Movie Review: Ralph Breaks the Internet
PG | 1h 52min
Directors: Phil Johnston, Rich Moore
Stars: John C. Reilly, Sarah Silverman, Gal Gadot
by Jason Koenigsberg
Another big sequel for audiences to see this weekend is Ralph Breaks the Internet, a continuation of the adventures of Wreck-It Ralph (2012) and his little friend Vanellope. John C. Reilly is back as the voice of Ralph and Sarah Silverman returns to voice his best friend and this movie relies on them a lot. Their voice performances are distinctive and carry Ralph Breaks the Internet on their warmth and charm and the viewer’s affection for them in the previous film.
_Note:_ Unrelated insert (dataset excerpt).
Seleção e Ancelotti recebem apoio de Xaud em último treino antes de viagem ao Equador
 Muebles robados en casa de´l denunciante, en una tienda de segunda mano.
Otherwise, there is not much positive to report on Ralph Breaks the Internet (still confused why they did not call it Ralph Wrecks the Internet especially since they dropped Wreck-It Ralph 2 from the title).
The film opens up with another pathetic ‘Thank You’ from the filmmakers to the audience for actually coming out to theaters to see a movie. These messages are getting tedious, even though this one is slightly more clever than the ones that are just a director talking straight to the audience. But then after that, no short film! What a rip-off! The first shot is of the arcade where our characters games are housed and we hear audio of Ralph and Vanellope talking about change and how one is content and the other wants more out of life. Shortly after a new plug is inserted into an open outlet and the video game characters gather to see what the new game will be. It is ‘WIFI’ to which Ralph assumes is either short for wiffleball, or something about a wife, one of the films more clever lines. Immediately a character explains that it is the internet and tapes the entrance to the WIFI off using yellow police tape. It seemed like this was going to be the angle the movie would take with the theme about fear of the unknown and something different, a general fear of new technology. But instead, that theme is abandoned rather quickly and the movie goes in a different direction.
The event that sets off the reason Ralph wants to go into the internet and ends up wreaking havoc on the web is very shallow. He wants to go to eBay and buy a new part for Vanellope’s game so it does not get shut down. There are at least a dozen other hypothetical situations to get Ralph and some of his friends from the last movie to go out into a scary new place called the internet that would have been better than looking for a part to an old arcade game. How about the arcade they all live in is about to go out of business and all the games have to shut down but they will all be available on the world wide web. Thus making them all in inhabit one place while simultaneously making them further apart from each other because of the vast complexities of the web. But alas, these writers took a lazier way to get the action going and the plot is not as interesting as it could have been. Plus, Ralph hardly ‘breaks the internet’, he sort of gives it a cold and then gives it some NyQuil and everything is all better. A plot about all of the secure private information people post on the internet suddenly becoming available to the entire world would have been another scary and more topical plot than what audiences are given here.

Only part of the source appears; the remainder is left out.